Friday, November 28, 2003

big d

Texans have opinions about their cities. I favor living in Austin. San Antonio has its own uniqueness. I cannot deny the cultural pleasures found inside the loop Houston or in Fort Worth.

Dallas is itself easy to poke fun at, so proud and anxious at the same time. I always find myself amazed at its shopping culture, its vast displays of stuff that one can buy, a mercantile capital where some have enough imagination to offer all this stuff, and and so many others have the money to buy it.

This is a place where people don't buy old houses but thirst for the new.

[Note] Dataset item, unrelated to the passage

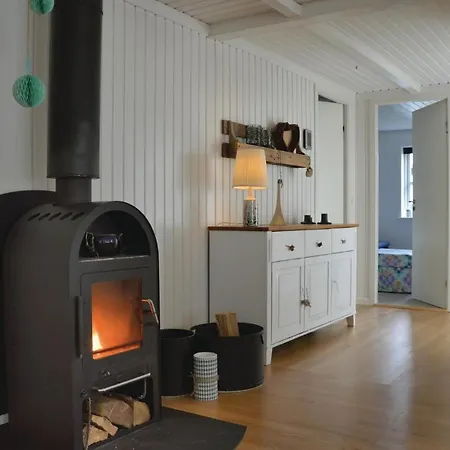 Three-bedroom Holiday In Ulfborg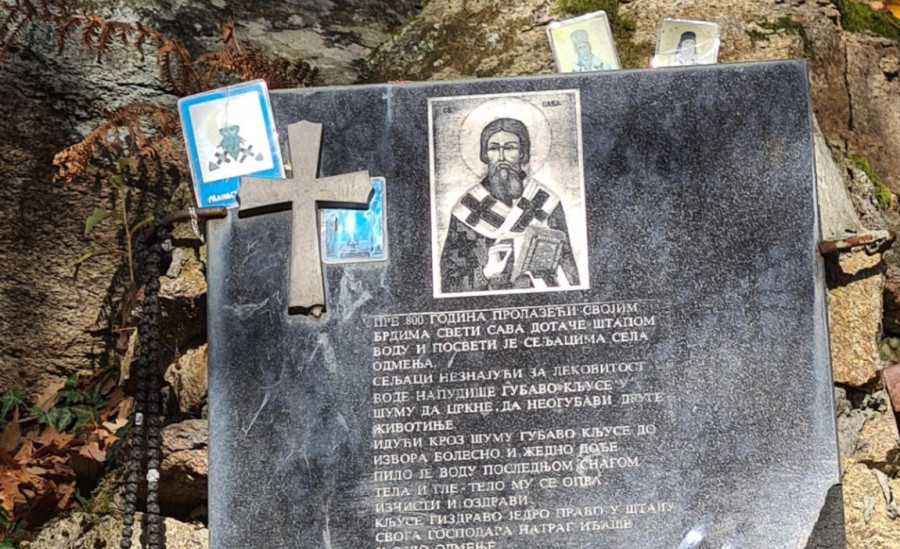 Čudo prirode na srpskoj planini: Lekovita odmenjska voda vekovima protiče sakrivena u šumi FOTO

It has been, for some time, a place of asymmetrical hip roofs that swallow the brick houses upon which they sit, thousands of them, multiplying each day, spreading out across the prairie, each varied only slightly, but presented as the latest and best version of how one should live.

This Dallas is creeping closer to Oklahoma, and I wonder if all the effort and motion that it takes to create this more than a city but much less than city is now so ingrained, that people just do it (build the houses, market them, buy them, move up quickly to better ones) much the way worker ants create intricate, interconnected work, without question.

But driving along some of its freeways, past the outlets and chain stores, I get a little dizzy and have to remind myself that I am there, not any other American city that exactly replicates these stores along similar roads.